Would you please return the data below verbatim, without its pictures?

Supplied data:

==*==

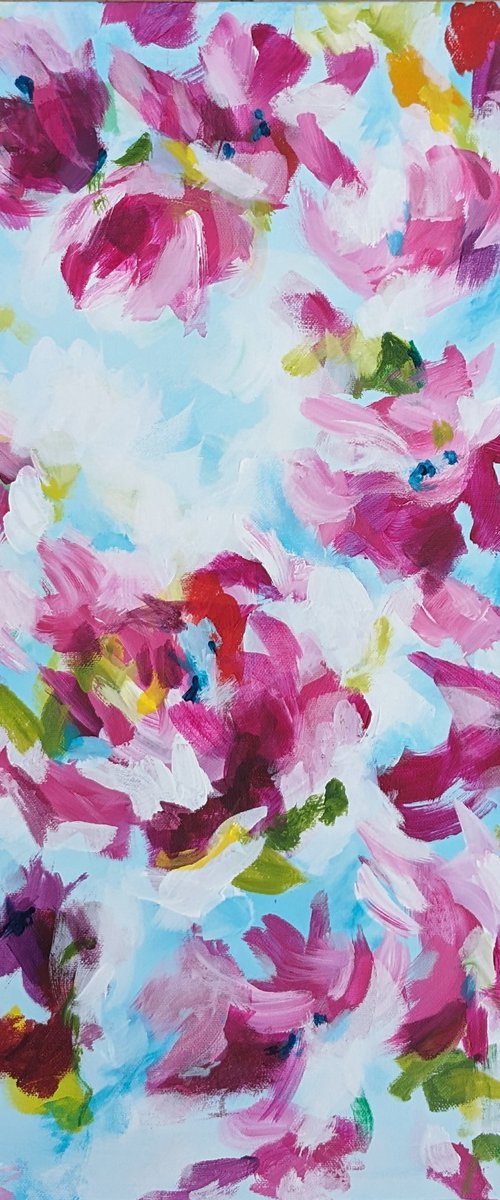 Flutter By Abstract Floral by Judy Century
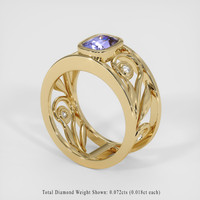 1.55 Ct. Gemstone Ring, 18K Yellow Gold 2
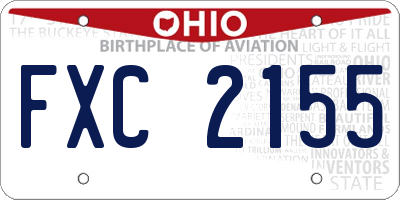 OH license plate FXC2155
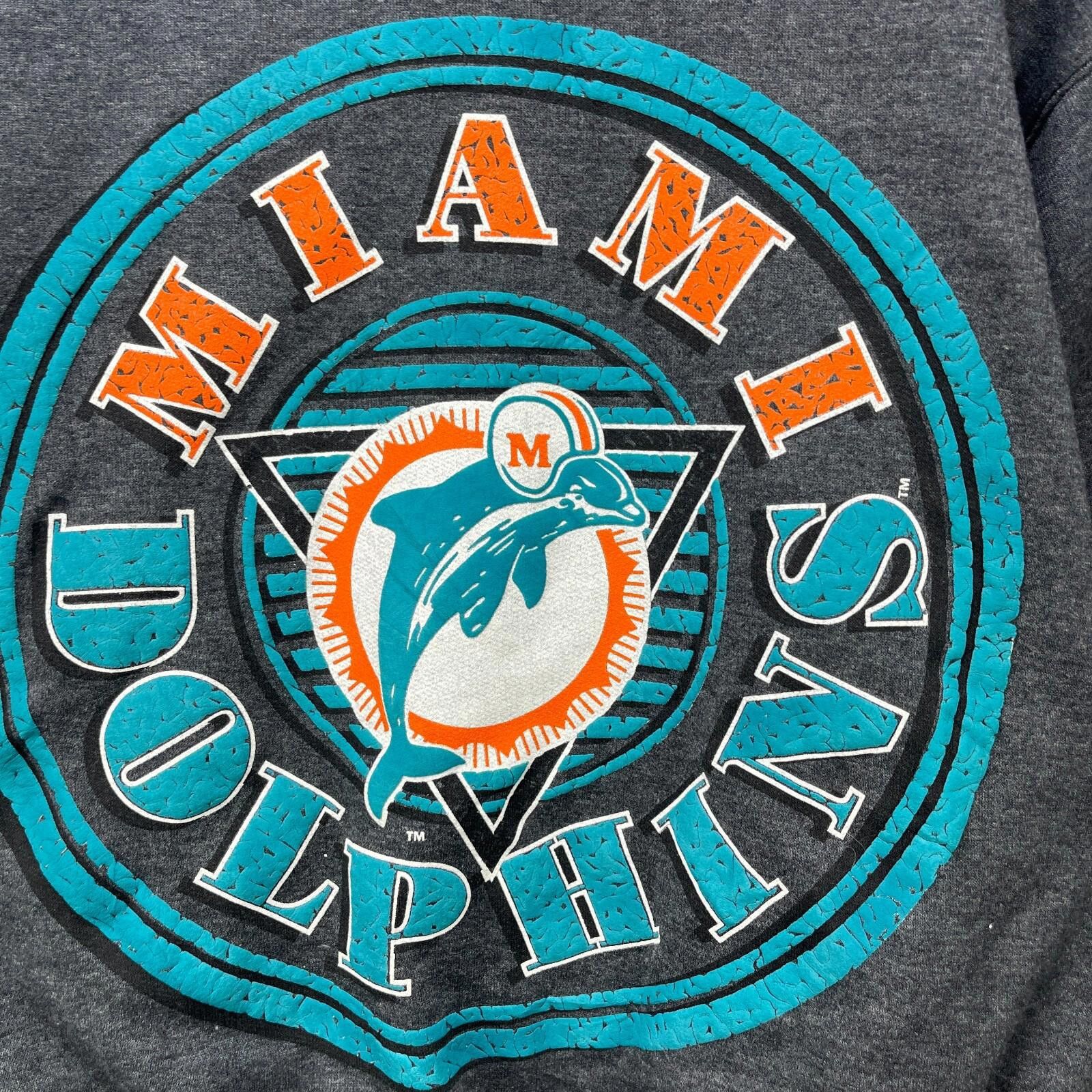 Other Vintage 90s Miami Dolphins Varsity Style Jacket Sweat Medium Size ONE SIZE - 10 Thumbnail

==*==

Response for this exercise:
 Flutter By Abstract Floral by Judy Century
 1.55 Ct. Gemstone Ring, 18K Yellow Gold 2
 OH license plate FXC2155
 Other Vintage 90s Miami Dolphins Varsity Style Jacket Sweat Medium Size ONE SIZE - 10 Thumbnail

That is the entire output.